This is the general condition among the mammals. It is the rule that the young are tended by the mother during the period of their youth. At birth they are usually helpless, and often are born before the eyelids have opened and while the body is yet naked, or but scantily clothed. But there are degrees of helplessness, determined, it would seem, by the conditions of the environment and habits of the parents. The maternal care is greater or less in accordance with the needs of the young. The period of youth is much longer, and increases as we ascend in the scale of life. The great apes, for instance—the gorilla, the orang and the chimpanzee—take from eight to twelve years to grow up, while baboons and common monkeys take from three to eight years, and the little South American monkeys and lemurs two to three years.[50] In connection with this longer childhood we find an increased mental growth; the years of youth are the time in which the brain cells increase in size and co-ordinate with the rest of the body. And the longer the period of youth the more perfect is the brain. Thus the helplessness of the young stands in direct relation to the increased vitality shown by the adults. It is also the strongest factor in developing and fixing the maternal instincts.
The young do not leave their mother until they are well ready to start life on their own account; then they are thrown into the world. Till then they are cared for. Freed of any duty of finding food, and very seldom having to defend themselves, they have time to experiment and learn from experience. The instincts in this way become educated, their rigidity is destroyed, and more and more they are controlled by memory and experience—the stored-up results of experiment. The purpose of youth is to give time for this.
The number of the young is now very greatly reduced, and the small families are protected by the mothers, in some cases assisted by the fathers. The maintenance of the species by the production of enormous families has ceased. Some of the small rodents, it is true, breed several times in the course of the year, and there are other fecund mammals, such as pigs, which give birth to many young in one litter. But these are rare exceptions. The usual number of young is two or three at a birth, and the higher in the scale of mammalian life the smaller is the family.[51]
There is a fact that must be noted here. A curious perverted instinct is not uncommon among mammal mothers, though rare with the monkeys. In the first day or two after birth a mother will kill and eat her young. I had a bitch who once did this: the first time she had a family she ate all her puppies in the first night; afterwards (I mean when for a second time she had puppies) she was a good and fond mother. I think this habit of maternal infanticide must be connected with that change, of which I have spoken, whereby the early stages of brood-care are carried on without the direct consciousness of the mother. The children do not enter into her experience because she has not had to work for them. She eats them as she would eat any other helpless thing. In a carnivorous mother especially this habit is not surprising; it happens almost always with young and inexperienced mothers. And I think it shows that maternal care is not so instinctive as we are led to believe, but is the result of, and directly dependent upon habit and the attention being fixed on the family.

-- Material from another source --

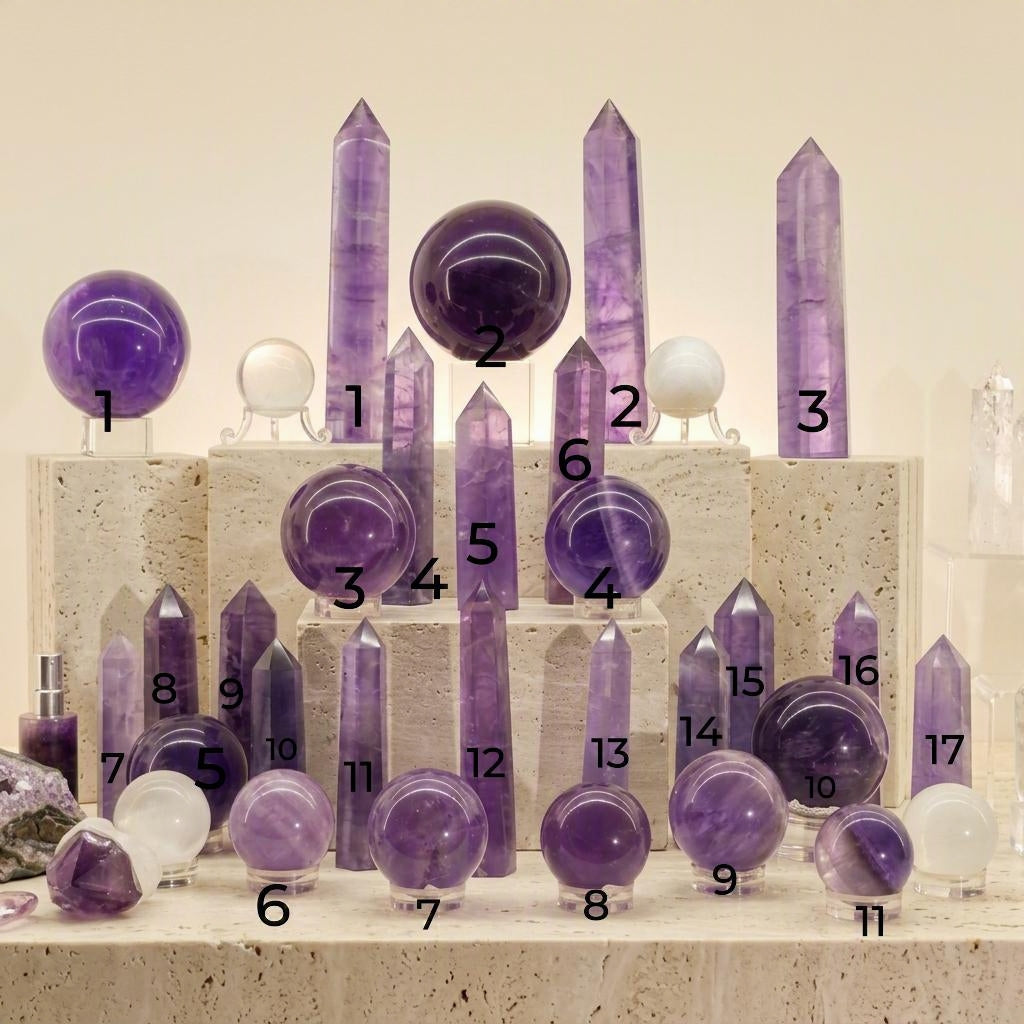 Fluorita lavanda Esferas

In all the carnivores the young are born helpless, usually blind, though new-born lions can see; they remain with their mother for a period varying from a few weeks with the smaller creatures to even more than a year. Sometimes the father stays loosely attached to the family. The large predaceous creatures cover great distances in search of prey. There is, however, a stationary home lair in a well-concealed place, to which the mother always returns with food. She takes scrupulous care to keep the nursery clean, and she carefully looks to the needs of her young family, licking them with her tongue, until they are old enough to perform their own toilet or lick and clean each other. Before they are weaned they are allowed to scrape off fragments of flesh from the mother’s food, so that they may become accustomed to their future food. At the same time they are taught the elements of stalking, in play-lessons with the mother’s tail and paws. Later they are taken out by the mother, sometimes by both parents, on foraging expeditions. Family parties of lions, for instance, often have been seen by African hunters.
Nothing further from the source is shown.